Storage speeds make a mockery of the famous Moore's Law.

It was relatively recently that we moved from IDE to SATA and the speed benefits that brought. Yet within a very short timespan we've gone from 1.5Gbp/s SATA through 3.0Gbp/s to the 'available on everything' SATA 6Gbp/s. Whereas not long ago the Velociraptors were considered the titans of the speed world, we quickly had Solid State Drives, and they utterly redefined what we think of as fast data transfer.

It didn't even stop there as the companies launched into an ever escalating arms race to bring us ever faster SSDs and we've recently seen some extraordinary performance from drives such as the Kingston Hyper X and Samsung 830. With the Sandforce controller appearing at the head of the pack in pure speed terms then combining that with a SATA 6Gbp/s interface we've seen drives that get very close to 500MB/s in certain situations, but still well north of 300MB/s in actual use.

Enter Corsair with the Force GT range of Solid State Drives. It has all the boxes ticked for some amazing speeds. It uses a Sandforce SF-2281 controller which has lots of tricks up its sleeve to compress the data and really bring that performance up to incredible levels. It's on a SATA 6Gbp/s interface, so bandwidth shouldn't be an issue. The models we have on test today are the 240GB variants, and larger capacity SSDs generally have better performance than the smaller versions. Finally the key word in that sentence was models. Plural.

We have two Force GT 240GB drives here, set up in RAID 0 to really see how fast it's possible to go. Three years ago SSDs appeared with promises of 90MB/s. This set up should give us 1GB/s. Let's find out.

Technical Specifications

Certainly the data sheet is everything one would expect. Sandforce SF-2281 doesn't require cache and the drive has 25nm MLC NAND. Every potential ounce of performance available from current technology is squeezed into the red case.
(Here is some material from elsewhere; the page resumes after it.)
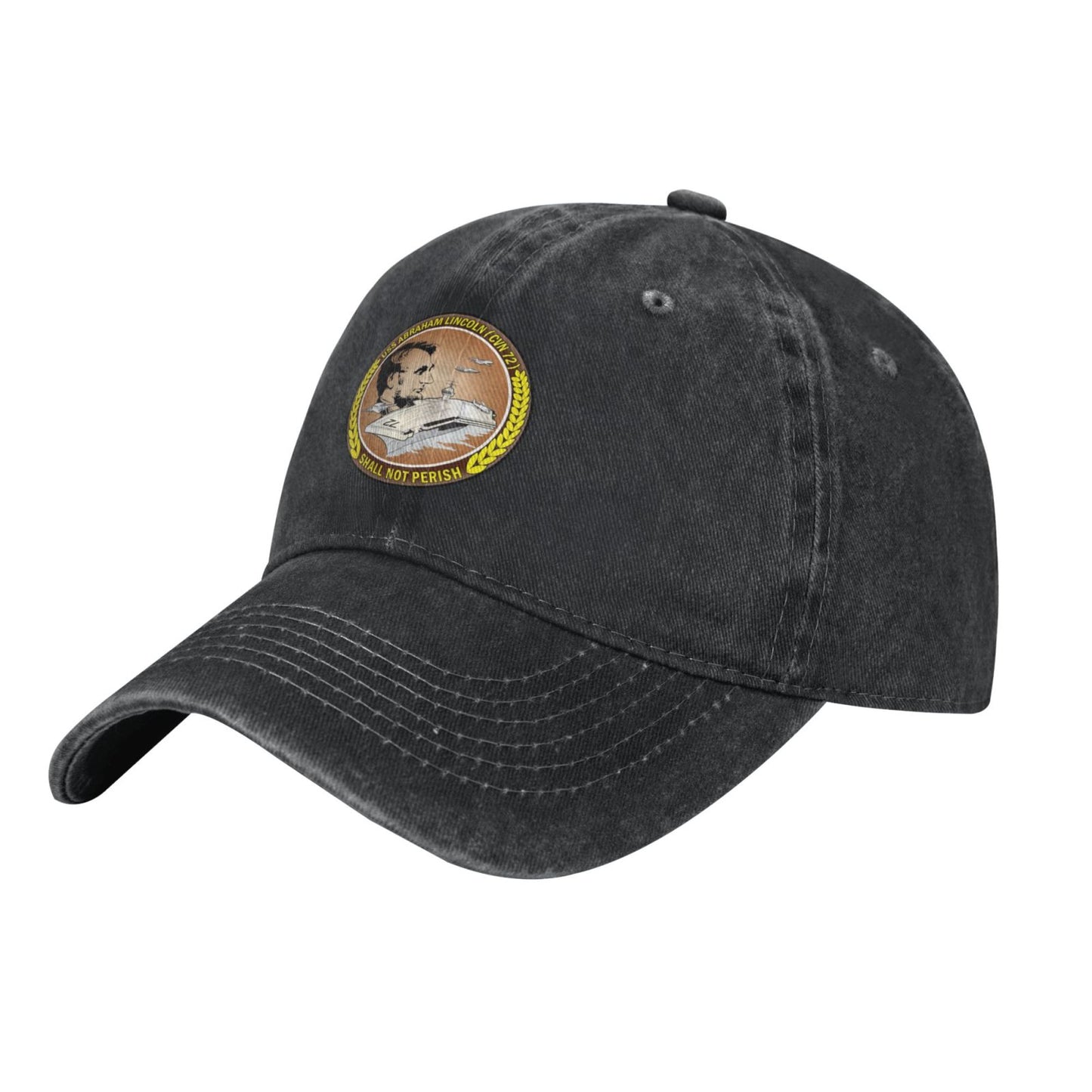 USS Abraham Lincoln (CVN-72) Printed unisex baseball cap adjustable cap veteran gift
Unformatted Capacity 240GB
Read Performance (max) 555 MB/s
Write Performance (max) 525 MB/s
Random Write 4k (max)
85k IOPS (4k aligned)
Form Factor 2.5”
Interface Type SATA 3 6Gb/s
Onboard cache NA
Operating Temperature 0C to +70C
Storage Temperature -20C to +85C
Operating Humidity 10% to 90% RH (0° to +40° C)
Storage Humidity 5% to 90% RH (-10° to +60° C)
Maximum Operating Altitude 3,048 m (up to 10,000 ft.)
Maximum Non-Operating Altitude 12,192 m (up to 40,000 ft.)

 

For our testing today we're using a i7-2600K on a Z68 motherboard and putting the RAID 0 up against three of the fastest drives around. Can we get close to doubling the performance of a single drive?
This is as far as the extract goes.